■ PROVIDED INFORMATION

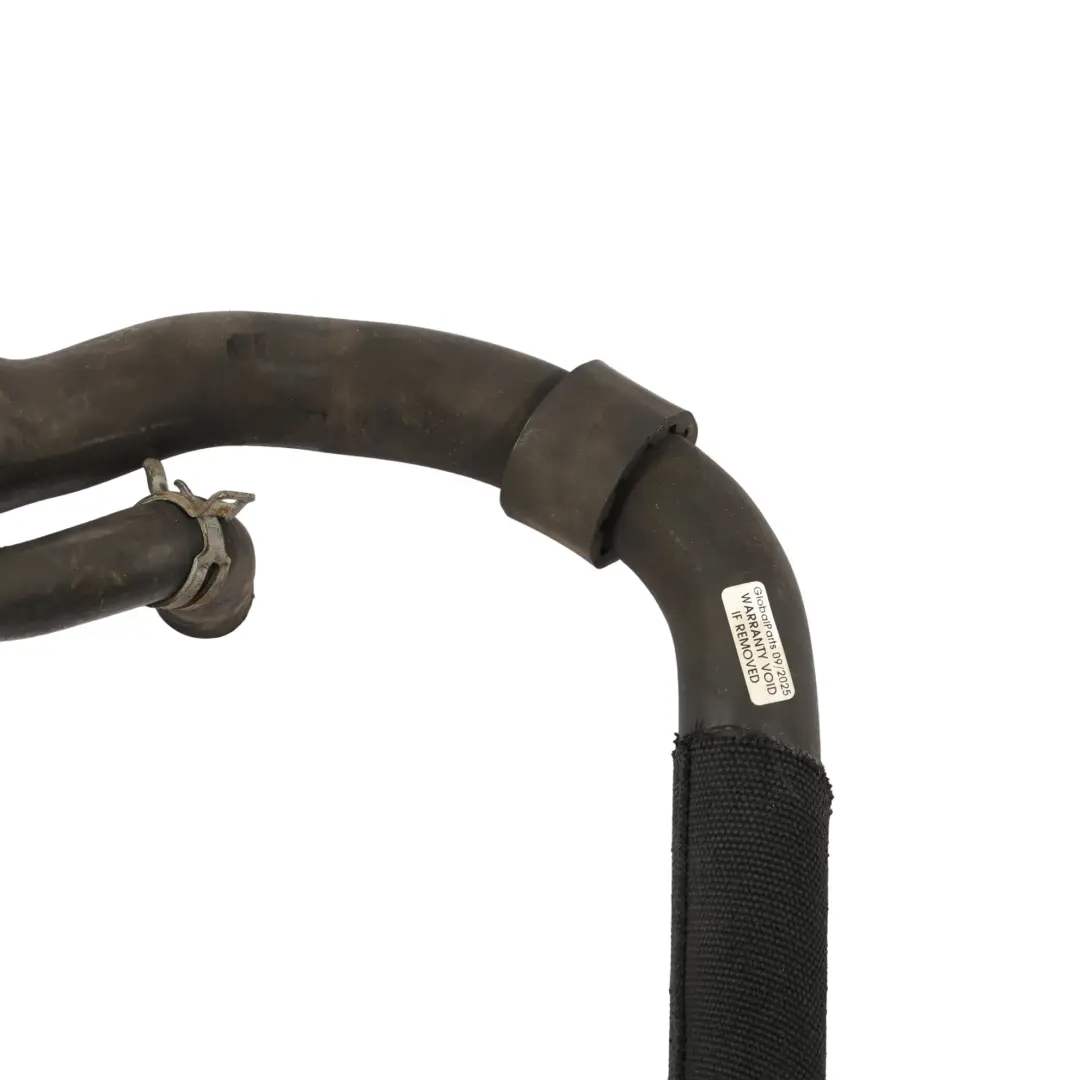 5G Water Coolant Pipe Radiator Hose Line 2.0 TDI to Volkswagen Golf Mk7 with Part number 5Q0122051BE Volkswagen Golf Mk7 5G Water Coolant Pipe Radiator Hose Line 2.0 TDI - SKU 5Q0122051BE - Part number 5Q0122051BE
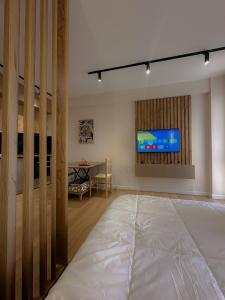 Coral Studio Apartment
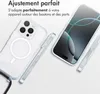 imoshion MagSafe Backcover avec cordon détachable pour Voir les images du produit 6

---

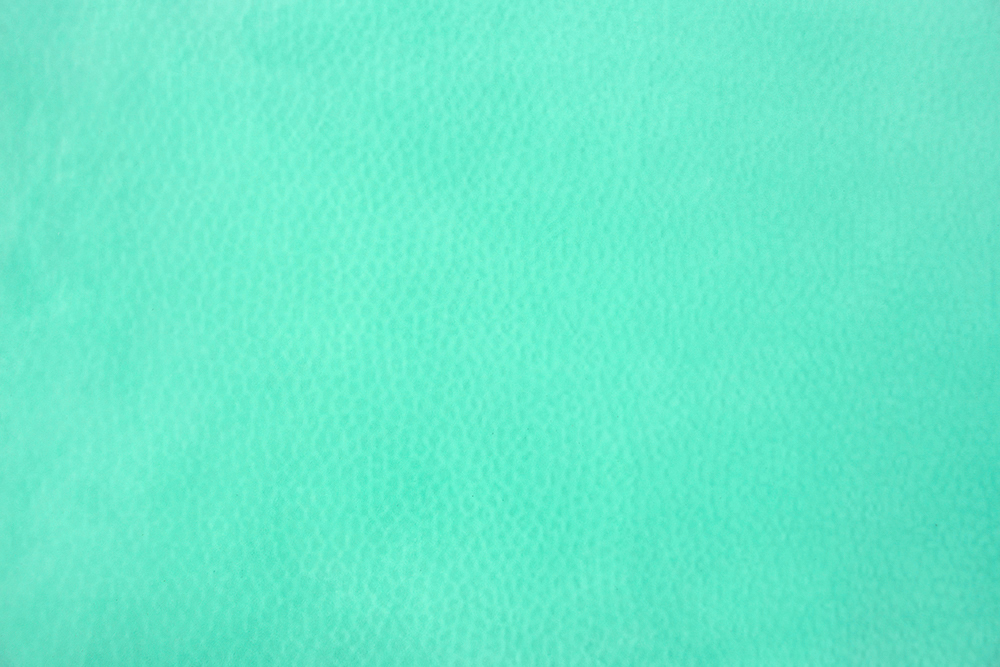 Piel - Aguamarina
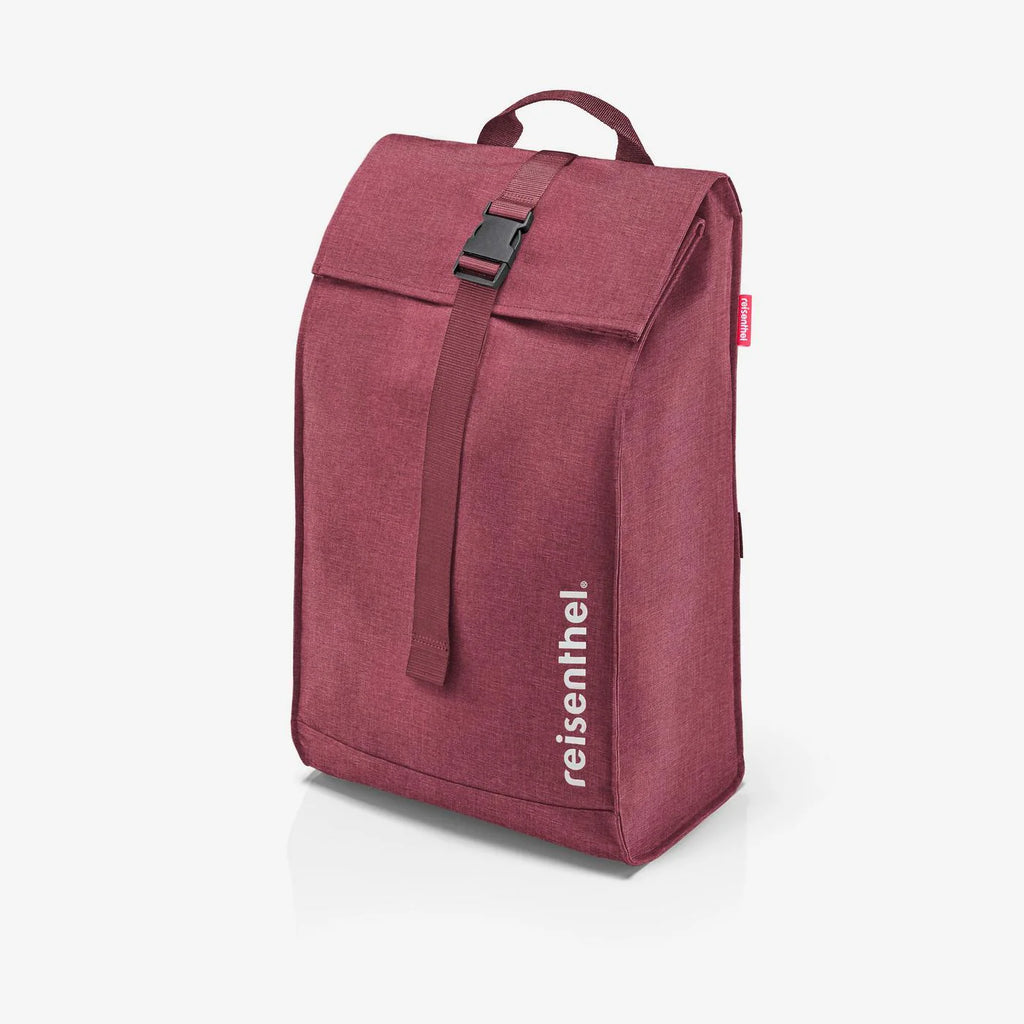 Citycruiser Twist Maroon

■ WORK TASK
Look above for the line with "Coral Studio Apartment" and the line with "imoshion MagSafe Backcover". Give again exactly those two lines and all lines between them, pictures excluded.

■ RESPONSE TO THE EXERCISE
 Coral Studio Apartment
 imoshion MagSafe Backcover avec cordon détachable pour Voir les images du produit 6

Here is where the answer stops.